Un état des lieux des mécanismes qui jouent au détriment de l’accès des moins qualifiés à la formation. Ces mécanismes sont multiples et varient selon l’environnement institutionnel propre à chaque catégorie considérée : salariés, demandeurs d’emploi, jeunes...

Article réalisé à la demande de l’Observatoire de la Pauvreté et de l’Exclusion Sociale (Novembre 2005)

« La formation continue va aux formés ». C’est là un phénomène aujourd’hui bien connu. Que l’on considère la qualification du point de vue du capital scolaire ou de la position professionnelle occupée, le constat est invariable : le taux d’accès à la formation continue des moins qualifiés est près de trois à quatre fois moindre que celui des plus qualifiés. Les écarts se renforcent même lorsque l’on observe la durée des formations suivies. Ces écarts prévalent depuis le début des années 70 mais ils ont pris davantage d’acuité à partir du milieu des années 90 où, après une période de diffusion de la formation, l’accès à la formation s’est stabilisé et la durée a entamé une tendance à la baisse qui se poursuit encore aujourd’hui.

L’article dresse un état des lieux des mécanismes qui jouent au détriment de l’accès des moins qualifiés à la formation. Ces mécanismes sont multiples et varient selon l’environnement institutionnel propre à chaque catégorie considérée : salariés, demandeurs d’emploi, jeunes en cours d’insertion. Les réformes récentes en matière de formation professionnelle - l’accord national interprofessionnel du 20 septembre 2003 et la loi du 4 mai 2004, ainsi que le développement de la validation des acquis de l’expérience - sont replacées dans ce contexte.

Le recours inégal à la formation est considéré par l’ensemble des observateurs comme un problème crucial : il interroge les efforts consentis par les pouvoirs publics depuis de nombreuses années pour favoriser l’éducation permanente et, de la sorte, aider les individus à rattraper les qualifications qu’ils n’ont pas pu, pour diverses raisons, atteindre au cours de leur vie scolaire. Le chômage de masse a rendu cette situation d’autant plus injuste d’un point de vue social que la formation continue est considérée comme un moyen de prévention du chômage de longue durée et des situations de précarité longues, dont sont précisément victimes les moins qualifiés.

Les facteurs explicatifs du faible accès des moins qualifiés à la formation sont assez nombreux et n’induisent pas les mêmes solutions. Les deux premières parties de cet article se proposent de faire une synthèse des mécanismes supposés être à l’origine des écarts d’accès à la formation, notamment à la lumière de différents travaux de ces cinq dernières années, mais également à partir de travaux originaux (partie II). Nous avons pris le parti de distinguer deux types de publics : les salariés d’une part (partie I), les personnes sans emploi d’autre part (partie II), car les univers institutionnels qui gouvernent leurs chances d’accéder à la formation sont pour chacun d’entre eux spécifiques.

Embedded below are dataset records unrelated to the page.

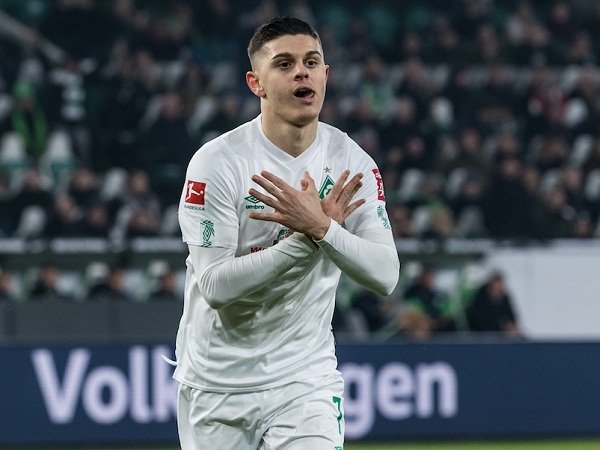 Demi Leipzig, Winger Bremen Ini Tolak Pinangan Milan dan Liverpool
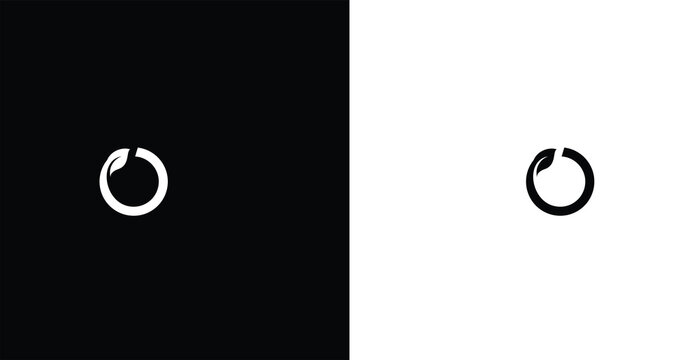 Minimal loading refresh icon vector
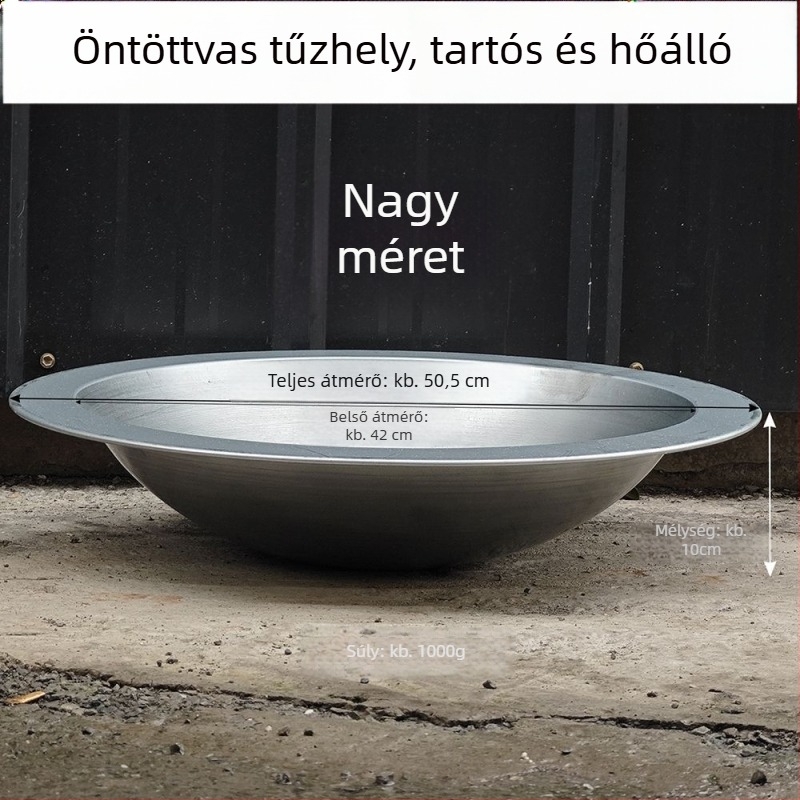 Négyszögletes vasból készült szénbrazier — fűtő és kültéri grillsütő háztartási használatra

Enfin, depuis le début des années 2000, une série de profondes réformes a modifié le paysage institutionnel de la formation professionnelle en France. Nous nous attacherons surtout dans cette troisième partie à détailler la validation des acquis de l’expérience introduite par la loi de modernisation sociale, le Droit Individuel à la Formation et enfin la possibilité donnée aux entreprises et aux salariés d’organiser les formations en dehors du temps de travail, deux dispositions introduites par l’accord national interprofessionnel de septembre 2003 et reprises par la loi sur la formation professionnelle promulguée en mai 2004. L’objectif n’est pas de rentrer dans le détail de ces mesures mais de situer leur efficacité supposée au regard des mécanismes présentés dans les parties précédentes.